Pictures with short captions
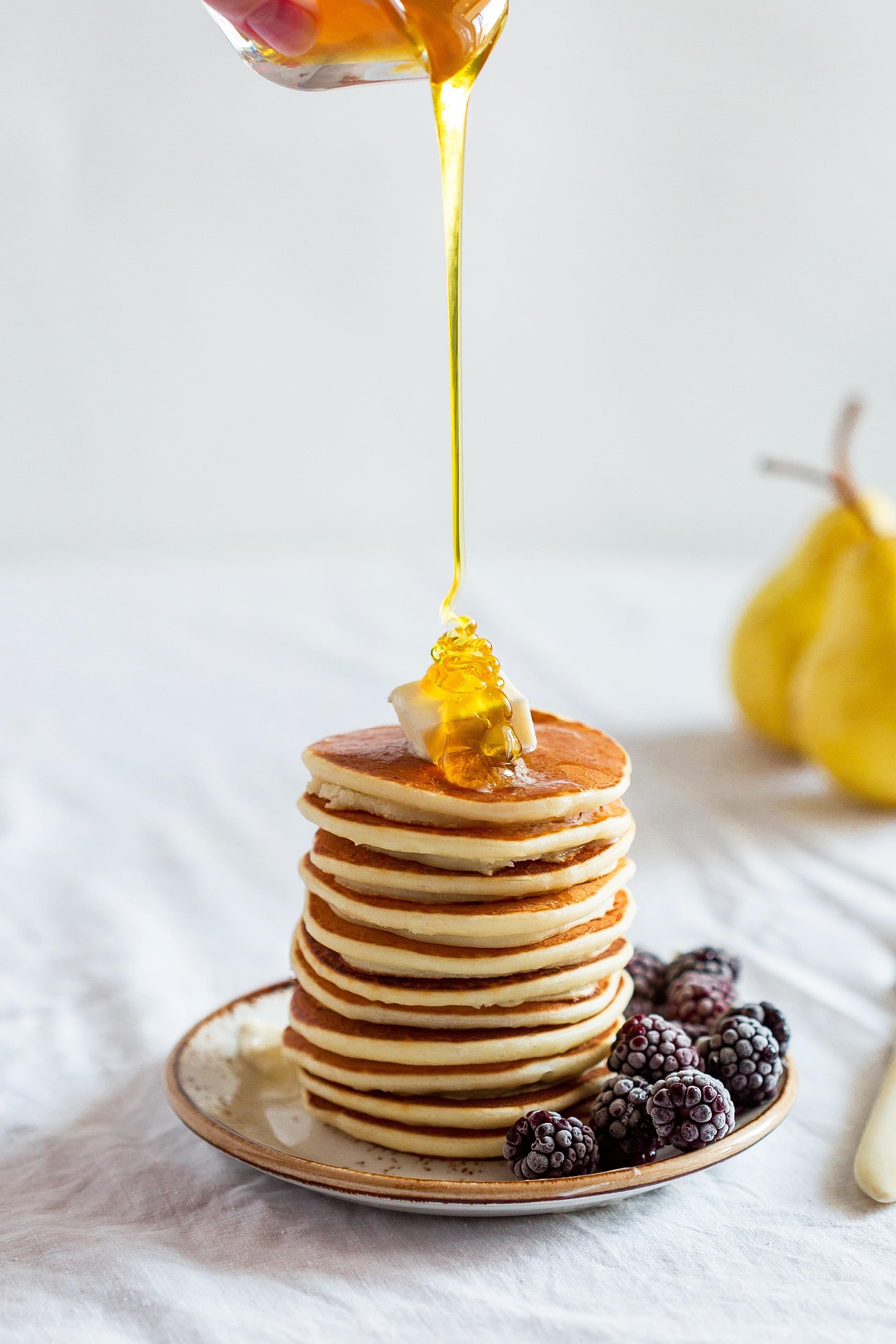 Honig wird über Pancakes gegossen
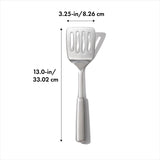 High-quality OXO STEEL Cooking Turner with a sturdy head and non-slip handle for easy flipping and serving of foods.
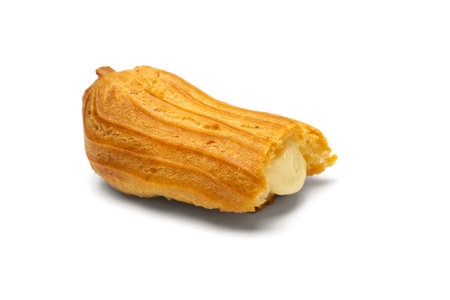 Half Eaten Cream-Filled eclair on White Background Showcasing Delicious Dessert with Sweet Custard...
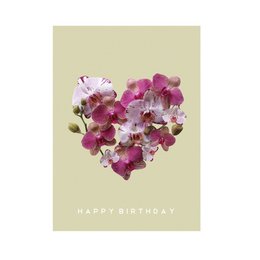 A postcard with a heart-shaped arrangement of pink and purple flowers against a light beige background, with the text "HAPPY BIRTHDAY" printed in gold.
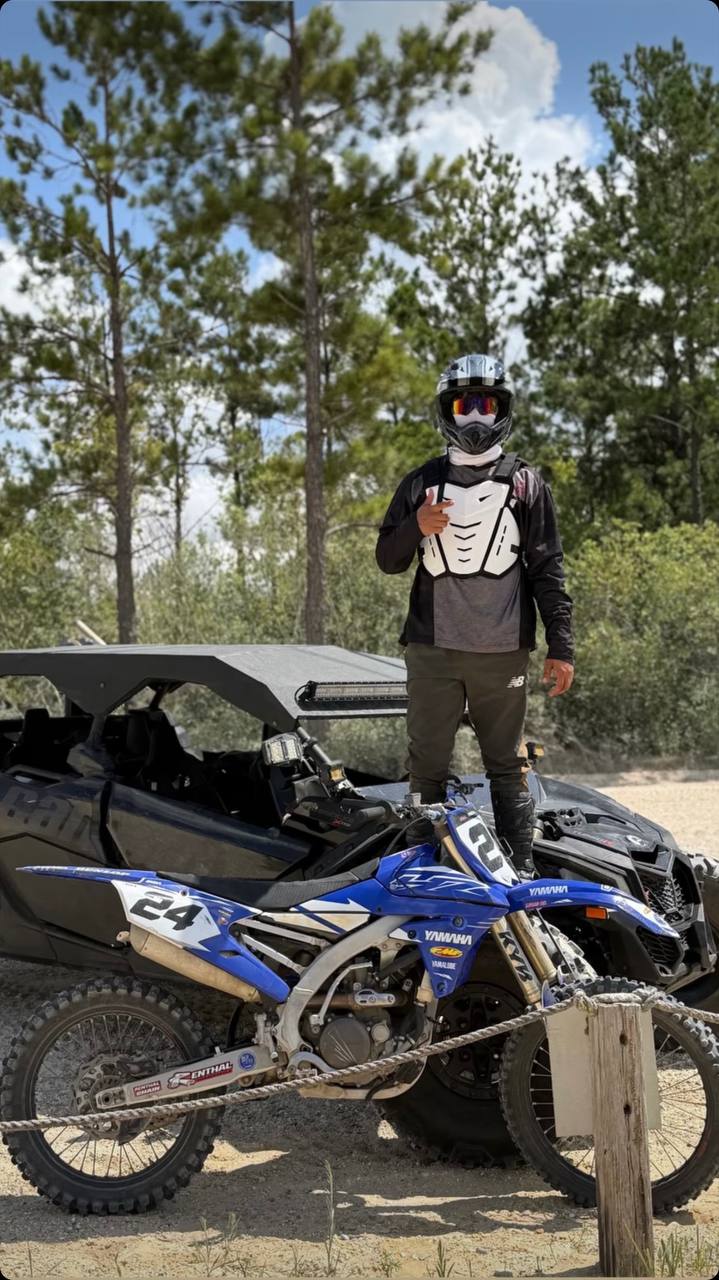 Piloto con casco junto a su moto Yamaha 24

The task = Strip the images and return the remaining data exactly.

Written reply =
 Honig wird über Pancakes gegossen
 High-quality OXO STEEL Cooking Turner with a sturdy head and non-slip handle for easy flipping and serving of foods.
 Half Eaten Cream-Filled eclair on White Background Showcasing Delicious Dessert with Sweet Custard...
 A postcard with a heart-shaped arrangement of pink and purple flowers against a light beige background, with the text "HAPPY BIRTHDAY" printed in gold.
 Piloto con casco junto a su moto Yamaha 24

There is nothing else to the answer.